● **Prompt**: Return the following lines and nothing else: the one holding "Open Back Pleats" and all those after it in the records below, unchanged, minus any pictures.

[Records from a data collection]

•••••

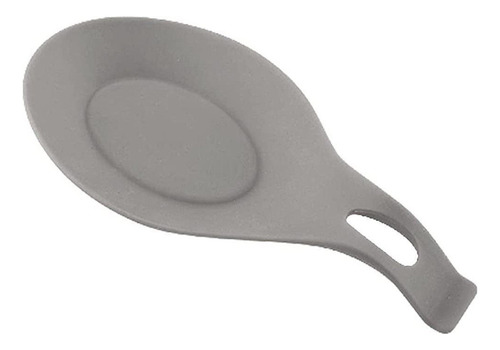 Posa Utensillos Cuchara De Cocina De Silicona Escurridor Color Gris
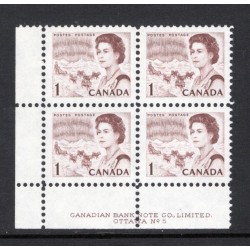 Canada 454iii Plate Block LL No. 5 VF MNH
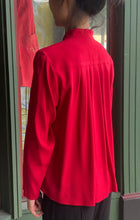 “3200” Red with Open Back Pleats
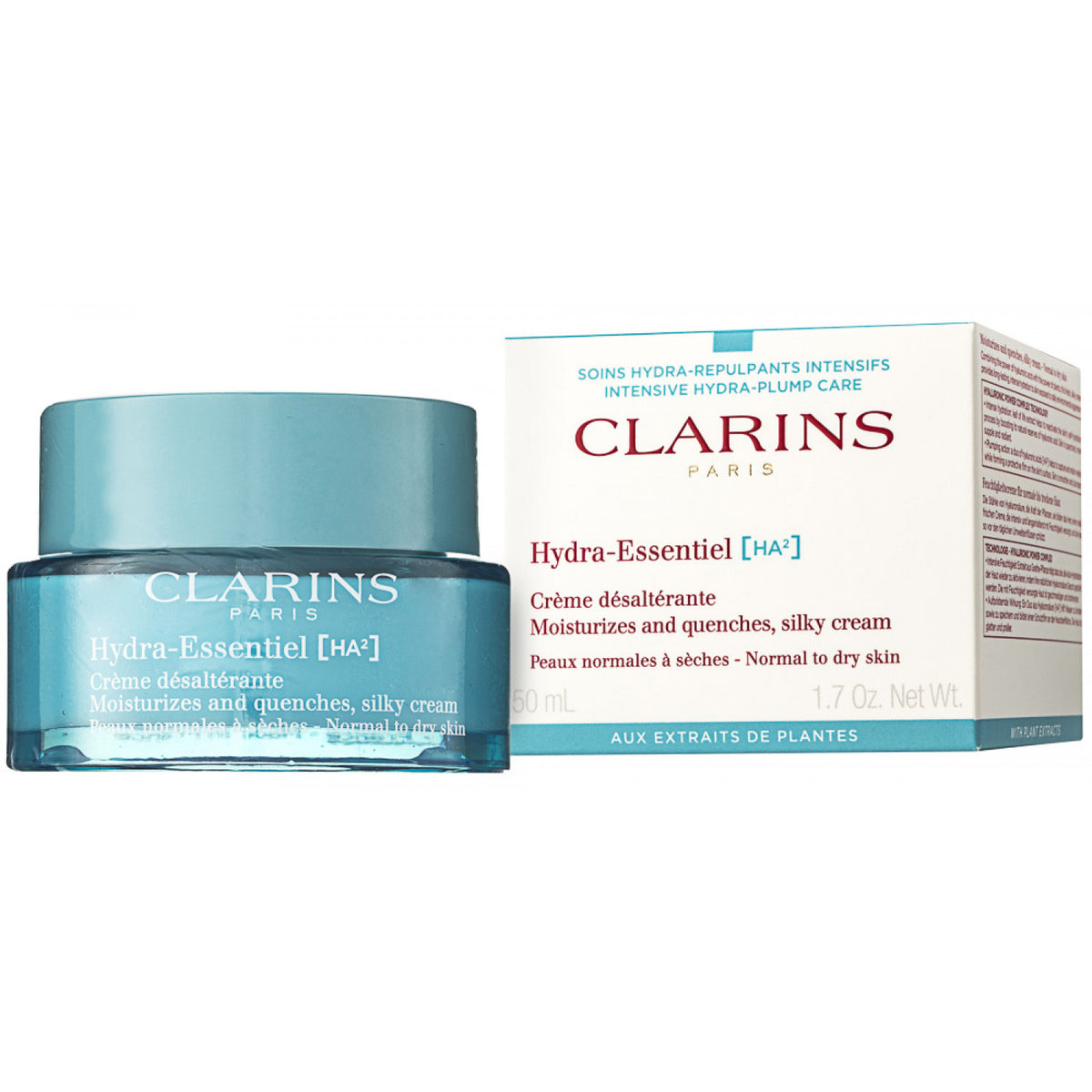 Clarins Hydra-Essentiel HA² Silky Gesichtscreme 50 ml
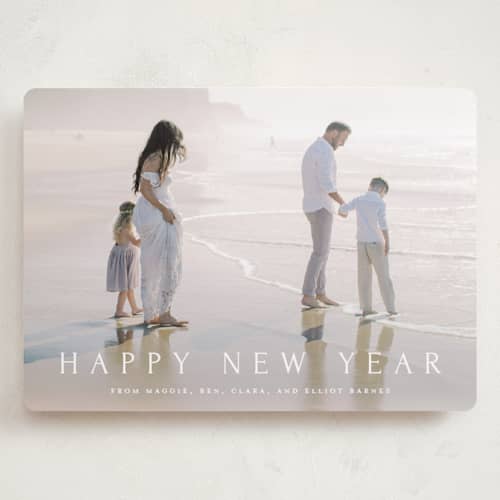 This is a snow holiday photo cards with standard by Amy Kross called vast printing on recycled smooth signature in grand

•••••

● **Completed exercise**:
 “3200” Red with Open Back Pleats
 Clarins Hydra-Essentiel HA² Silky Gesichtscreme 50 ml
 This is a snow holiday photo cards with standard by Amy Kross called vast printing on recycled smooth signature in grand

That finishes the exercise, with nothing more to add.